The opinion of the court was delivered by: Marian W. Payson United States Magistrate Judge



Plaintiff David Skinner ("Skinner") initiated this action under 42 U.S.C. § 1983, alleging that defendants violated his constitutional rights in connection with his prosecution for obstructing governmental administration. (Docket # 11). Currently before the Court is the adequacy of plaintiff's response to an Order to Show Cause why this case should not be dismissed for failure to prosecute pursuant to Rule 41.2 of the Local Rules of Civil Procedure for the United States District Court for the Western District of New York. (Docket ## 38, 40).

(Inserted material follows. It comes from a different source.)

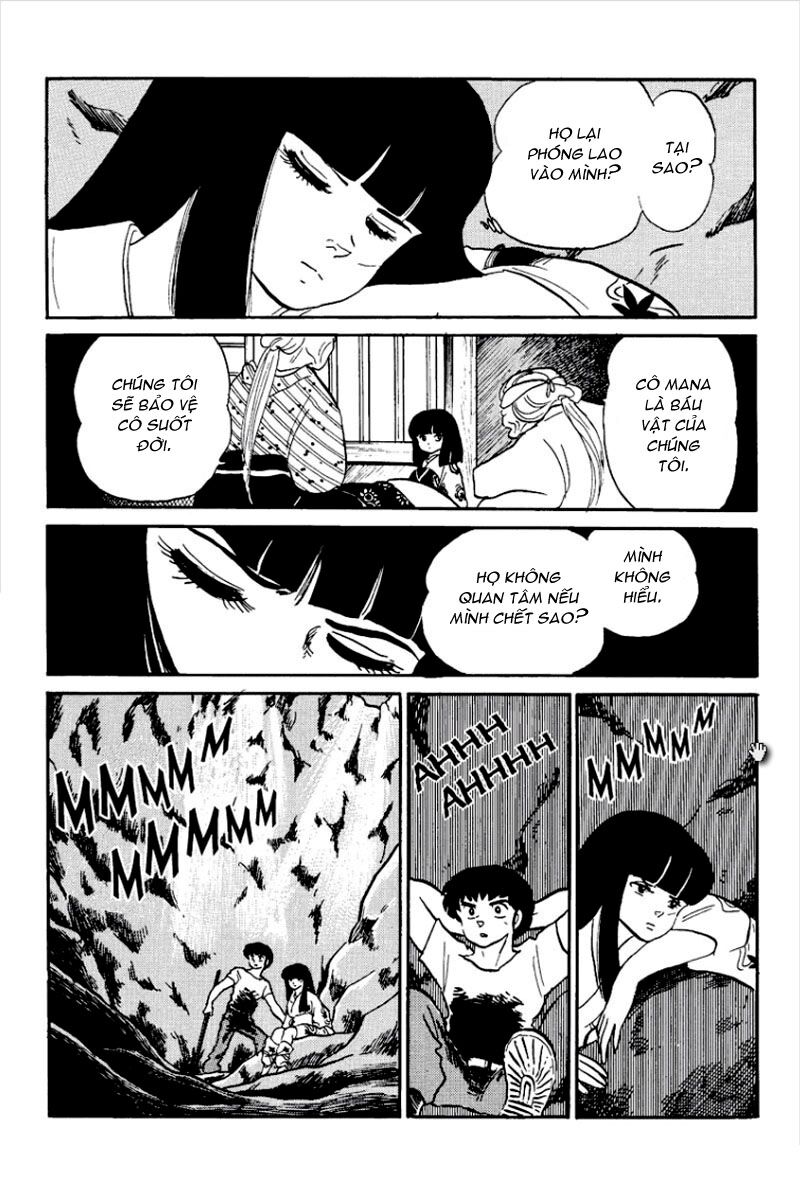 Lời Nguyền Bất Tử: Chapter 1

Skinner initiated this action on February 24, 2006, and thereafter filed an amended complaint on August 8, 2007. (Docket ## 1, 28). An initial conference was conducted before this Court on October 4, 2007, and a scheduling order was thereafter issued. That order directed that a further status conference would be held by this Court on March, 4 2008. (Docket # 32). Skinner failed to appear for the March 4, 2008 conference, and it was subsequently rescheduled for April 1, 2008. Notice of the rescheduled conference was mailed to Skinner at the address he provided to the Court. Again, Skinner failed to appear for the conference. (Docket # 39).

The following day, the Clerk of the Court issued the subject Order to Show Cause. (Docket # 38). Skinner responded to the Order on May 2, 2008, explaining that he had not appeared at the first conference because he suffers from Adult Attention Deficit Disorder ("AADD") and because his computer hard drive containing his calender had crashed. (Docket #40). Skinner further explained that he did not appear at the second conference because he is the "chief advocate" for his brother, a paraplegic with developmental disorders who lives in a group home. On the day of the conference, Skinner was called to the aid of his brother and was unable to make his court appointment. (Docket # 40). Skinner indicates that he is now prepared to continue this litigation and requests that he be permitted to proceed. (Docket # 40). Defendants have taken no position with respect to this motion.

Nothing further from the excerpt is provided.